9 min read

Less Help

I finally learned something new, and it was painful.
Less Help

I finally learned something new, and it was painful.

I haven't really bettered myself in any objective way in 10 years probably. I know what I know, and do what I do, and that's all I have time for. There are bills to pay, and every day is a new wasted lifetime.

Since college, I have "acquired" "media" through "online networks"... you might say it is like a a collection of "peers" sharing with other "peers." I used to burn like 2-4 yet-to-be released movies onto DVDs and sell them to make some extra money during my summer classes in college.

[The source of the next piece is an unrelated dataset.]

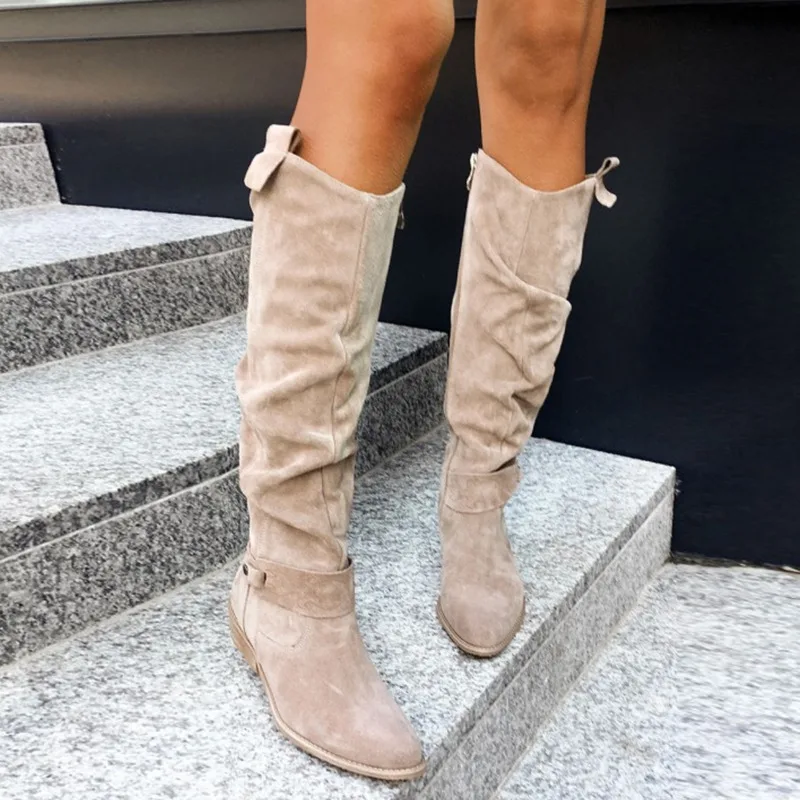 

2024 Western Cowboy Boots Fashion Stacking Boots Big Size 34-43 Suede Low Heels Women Knee Boots
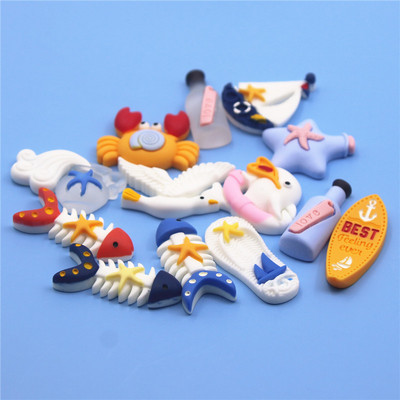 10 vnt. Krabas / Buriavimas / Šlepetės / Delfinai / Dreifavimas / Žuvėdra / Žuvų derva Plokščia nugara "Pasidaryk pats" Hair Bow Center Scrapbooking amatai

I had a very early network media player; a novel-at-the-time D-Link DSM-520 network media player that I picked up using my generous Best Buy Employee Discount of Cost plus 15%. I lived in a house with 4 other dudes, and I thought it would be a sick way to do movie nights.

D-Link DSM-520: Flexible digital media player with HDMI - SmallNetBuilder

Imagine it's 2006. You and your bros just scooped some wings to-go from Beef O'Brady's. None of you have Friday classes. You plop down on your couches, which have been arranged on top of stolen pallets in a mock stadium-style seating arrangement. You turn on your 52" DLP rear projection TV to watch a 240i camrip of Silent Hill. Living the fucking dream.

Silent Hill - Pyramid Head - YouTube

LMAO. God I'm dying just remembering that. We all just had to pretend that we could see anything through the dark scenes. Collective consciousness. Telepathic communication about how awful this experience is. But we had chicken wings, each other, and elevated couches. That was enough.

Over the years, I have amassed a media library that isn't particularly large, but I'm proud of most of the stuff I was able to "save." Until maybe 3 years ago most of my library wasn't even accessible on streaming services—solid 7/10 tv shows that were only given one or two seasons like Shark (2008), Eli Stone (2008), and Terriers (2010); seminal Nickelodeon shows like Salute Your Shorts (1991), The Secret World of Alex Mack (1994), The Angry Beavers (1997); and Nick-at-Nite Summer Blockbuster staples that informed much of my adolescent humor like Taxi (1978), Welcome Back Kotter (1975), and Get Smart (1965).

Some of the jewels of my collection are rendered moot due to every studio having a streaming service, but there are still some things that you simply cannot watch anywhere, saying nothing of whether or not you would actually want to. Surf Ninjas (1993), a movie I rented so many times from Phar-Mor that the employee eventually just gave me the VHS when they took it off the shelves, still holds up.

Tripping The Rift (2004)

An FX " adult CGI science fiction comedy television series" whose protagonist is named Chode McBlob. There is a very smart character that was originally built to be a sex robot. You get the gist.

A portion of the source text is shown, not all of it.